Enfin, les « grands noms » ne s’attellent pas beaucoup au répertoire des compositrices et c’est dommage. Le jour où ils le feront, cela permettra d’avancer. Chacun a son rôle à jouer et cela prend du temps.

Voyez-vous une différence de style entre ce qui est écrit par une femme et ce qui est écrit par un homme ?

Vraiment pas. Lorsque je regarde le travail de Camille Pépin, je vois que c’est sa personnalité qui influence son travail. Or le fait d’être une femme n’en est qu’une des multiples composantes. Concernant le cycle d’après la lecture de Dante de Marie Jaëll, cela n’a rien à voir avec les clichés sur la « musique de salon sucrée » qui s’attachent aux œuvres des compositrices. Nous avons tous du masculin et du féminin en nous.

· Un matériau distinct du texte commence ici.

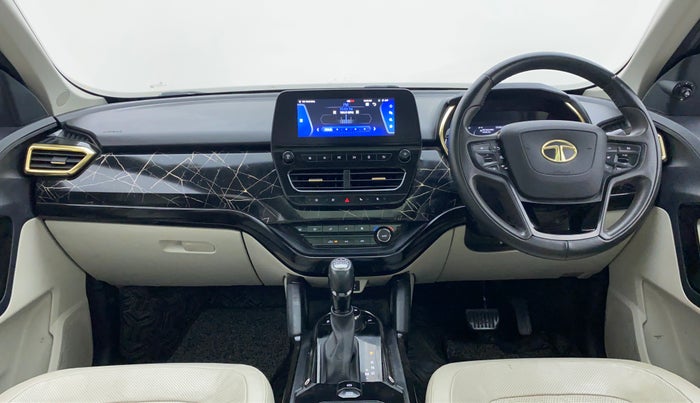 2022 Tata Safari XZA PLUS GOLD, Diesel, Automatic, 20,424 km, Dashboard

Marie Jaëll a exprimé les deux dans cette œuvre, que ce soit dans le cahier ce que l’on entend en enfer  qui pourrait être qualifié de « viril », ou dans le troisième, ce que l’on entend au paradis, qui est beaucoup plus léger et peut sembler plus « féminin ».

Le cycle d’après la lecture de Dante de Marie Jaëll, cela n’a rien à voir avec les clichés sur la « musique de salon sucrée » qui s’attachent aux œuvres des compositrices.

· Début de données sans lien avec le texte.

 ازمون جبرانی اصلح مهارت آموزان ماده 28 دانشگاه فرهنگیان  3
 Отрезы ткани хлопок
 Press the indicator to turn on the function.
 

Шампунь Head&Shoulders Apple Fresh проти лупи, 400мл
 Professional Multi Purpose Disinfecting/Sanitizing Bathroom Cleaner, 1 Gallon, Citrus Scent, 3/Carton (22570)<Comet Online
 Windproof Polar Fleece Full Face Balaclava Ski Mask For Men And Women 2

Vous allez ouvrir le concert du 16 octobre avec une œuvre de Camille Pépin. Quelle différence y a-t-il à jouer les œuvres d’une compositrice contemporaine, avec laquelle vous pouvez échanger, par rapport à celle d’une compositrice disparue dans la première moitié du 20e siècle ?

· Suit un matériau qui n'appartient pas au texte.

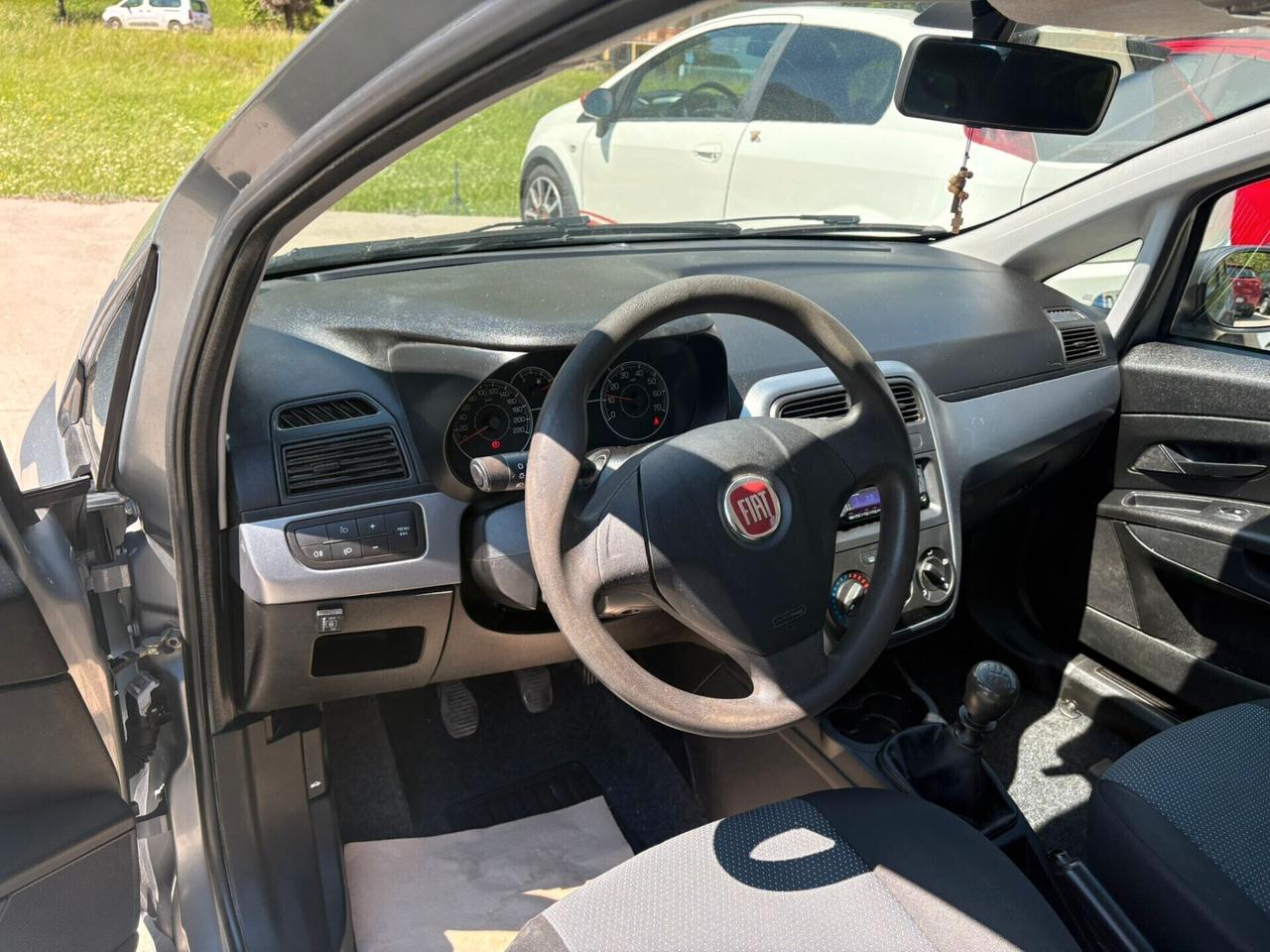 Fiat Grande Punto 1.4 GPL 5 porte Actual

J’ai effectivement beaucoup échangé avec Camille Pépin au fil du temps. Cela me permet d’avoir beaucoup d’informations sur ses intentions, sur les nuances et les caractères qu’elle recherche. Elle m’invite souvent à me libérer de la partition et à m’approprier sa musique, ce que je n’ose pas forcément faire avec les autres compositeurs. Cette invitation à la liberté m’enlève beaucoup de complexes, elle me pousse à donner la priorité à l’émotion. Elle m’aide à ne pas « me noyer dans un verre d’eau ».